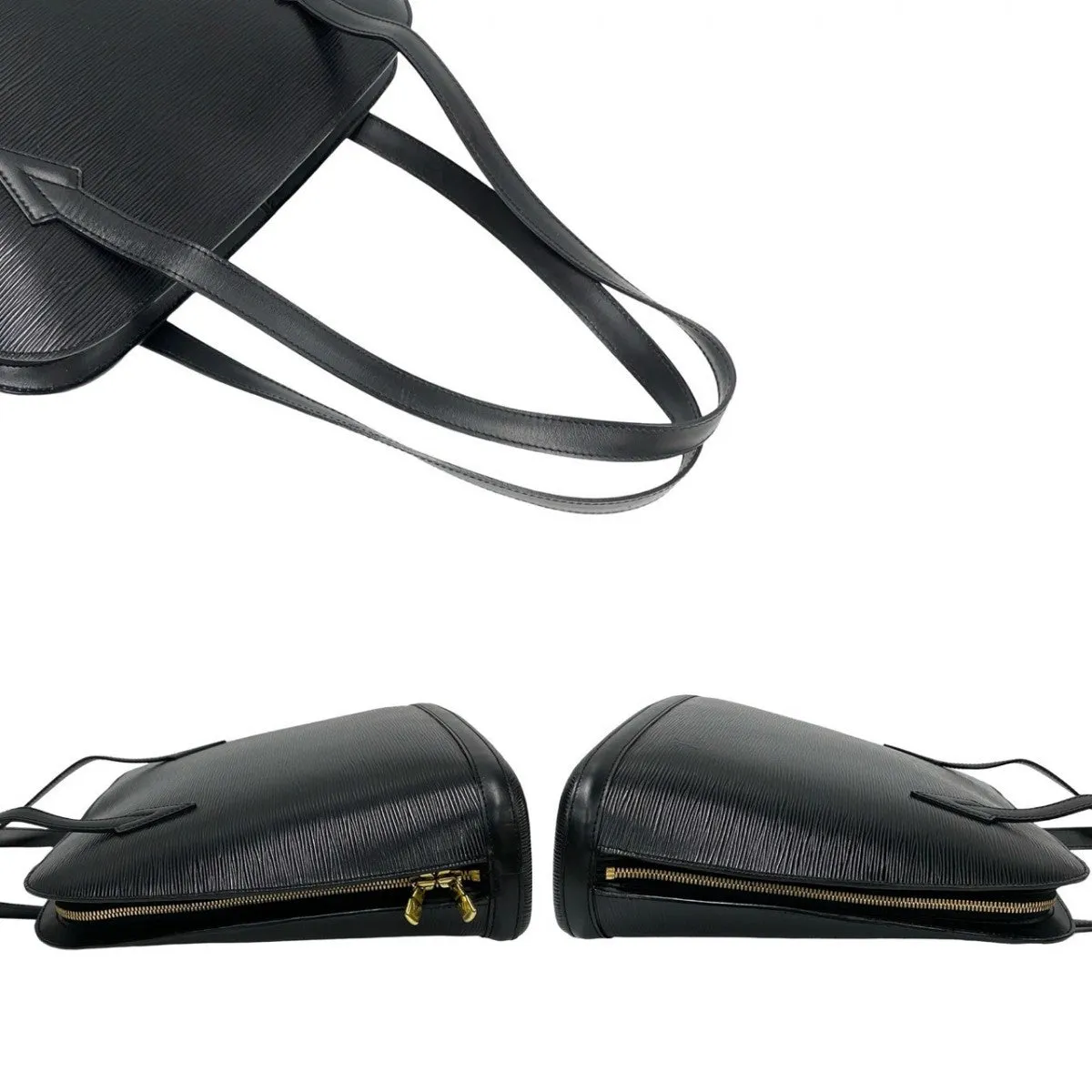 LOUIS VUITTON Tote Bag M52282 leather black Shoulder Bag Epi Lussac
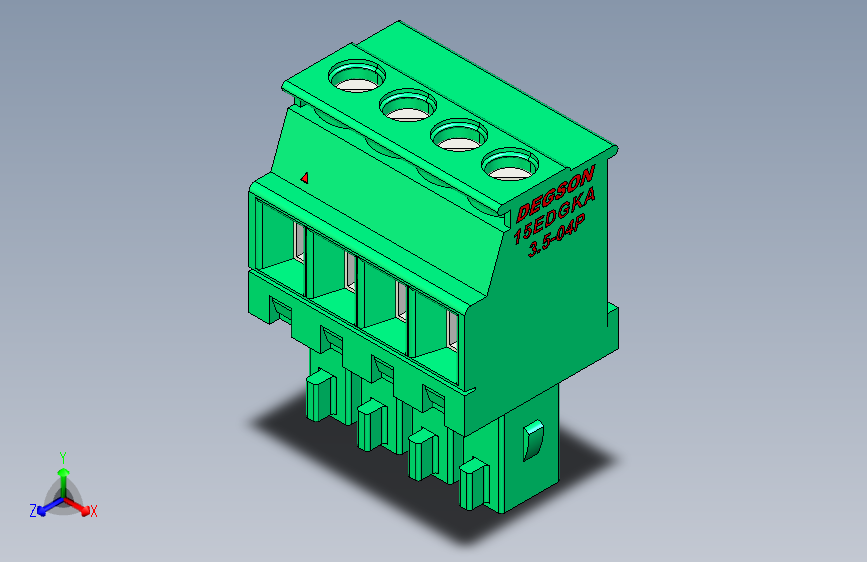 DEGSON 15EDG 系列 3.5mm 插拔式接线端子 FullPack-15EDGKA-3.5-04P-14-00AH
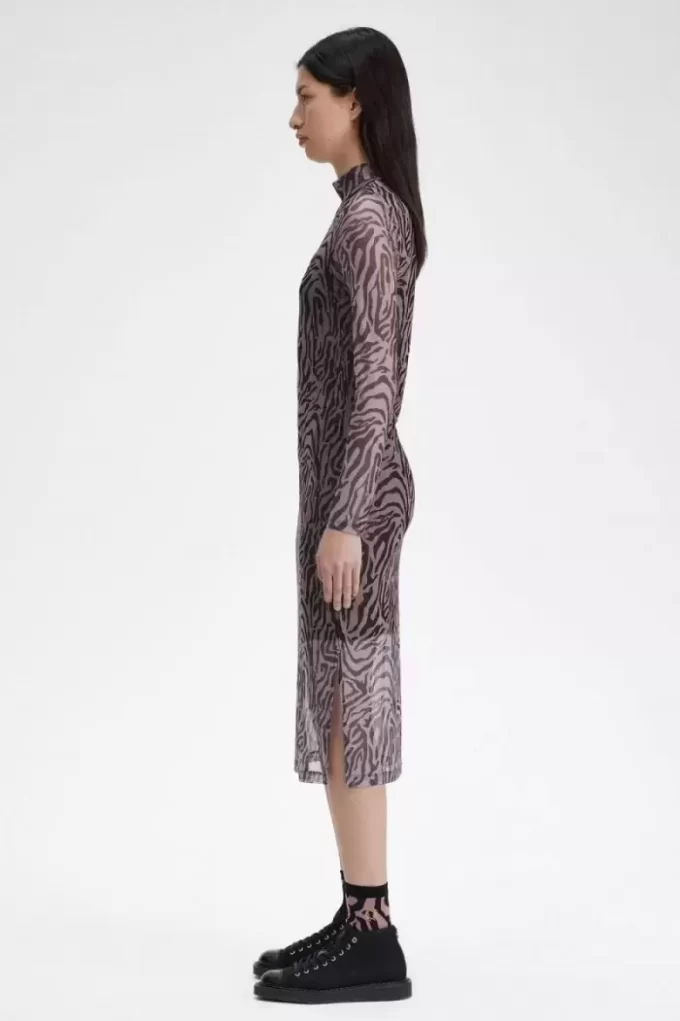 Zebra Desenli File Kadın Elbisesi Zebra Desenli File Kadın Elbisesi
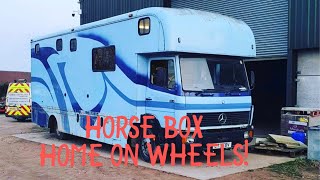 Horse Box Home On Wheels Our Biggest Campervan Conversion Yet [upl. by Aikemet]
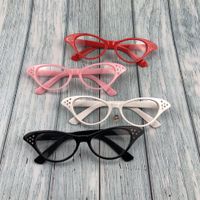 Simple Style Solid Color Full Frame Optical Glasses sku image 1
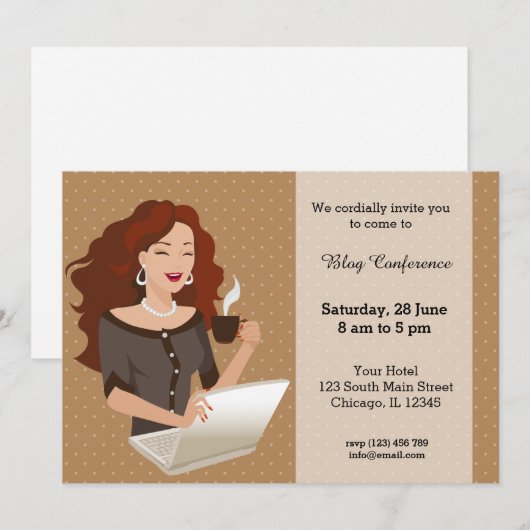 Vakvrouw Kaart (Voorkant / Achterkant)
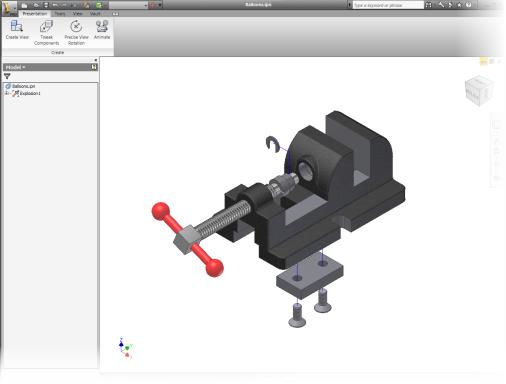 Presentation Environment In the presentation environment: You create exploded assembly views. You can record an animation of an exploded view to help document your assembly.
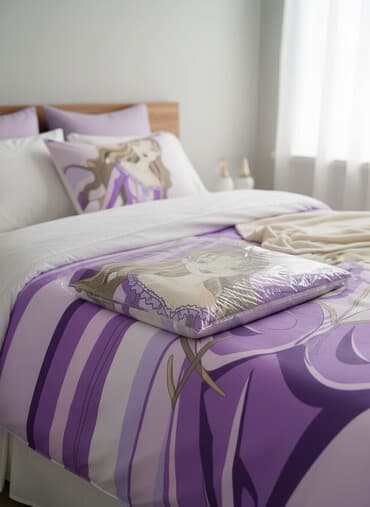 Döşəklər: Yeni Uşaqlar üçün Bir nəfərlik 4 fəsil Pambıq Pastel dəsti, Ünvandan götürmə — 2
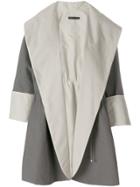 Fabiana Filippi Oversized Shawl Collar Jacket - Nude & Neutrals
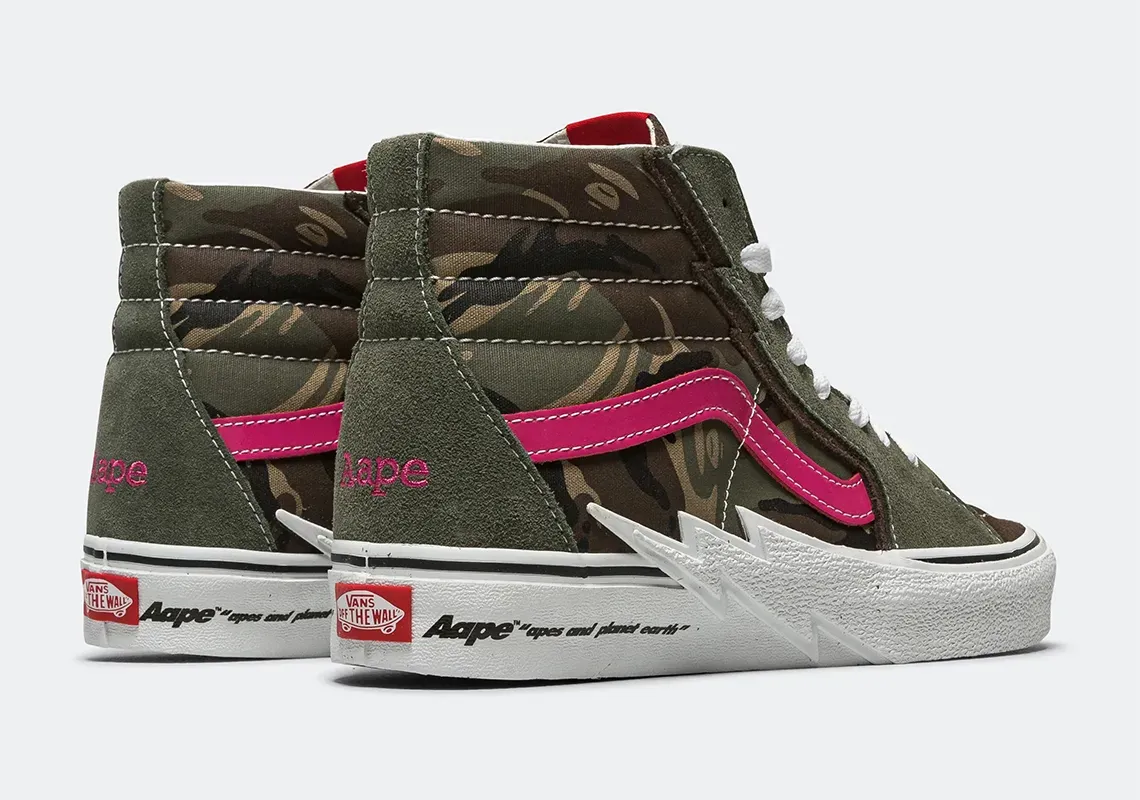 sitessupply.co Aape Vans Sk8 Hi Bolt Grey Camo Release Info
○ ○ ○ ○ ○
[Problem]
Leave out the pictures and copy everything else in the records word for word.

[Result of this task]
 LOUIS VUITTON Tote Bag M52282 leather black Shoulder Bag Epi Lussac
 DEGSON 15EDG 系列 3.5mm 插拔式接线端子 FullPack-15EDGKA-3.5-04P-14-00AH
 Zebra Desenli File Kadın Elbisesi Zebra Desenli File Kadın Elbisesi
 Horse Box Home On Wheels Our Biggest Campervan Conversion Yet [upl. by Aikemet]
 Simple Style Solid Color Full Frame Optical Glasses sku image 1
 Vakvrouw Kaart (Voorkant / Achterkant)
 Presentation Environment In the presentation environment: You create exploded assembly views. You can record an animation of an exploded view to help document your assembly.
 Döşəklər: Yeni Uşaqlar üçün Bir nəfərlik 4 fəsil Pambıq Pastel dəsti, Ünvandan götürmə — 2
 Fabiana Filippi Oversized Shawl Collar Jacket - Nude & Neutrals
 sitessupply.co Aape Vans Sk8 Hi Bolt Grey Camo Release Info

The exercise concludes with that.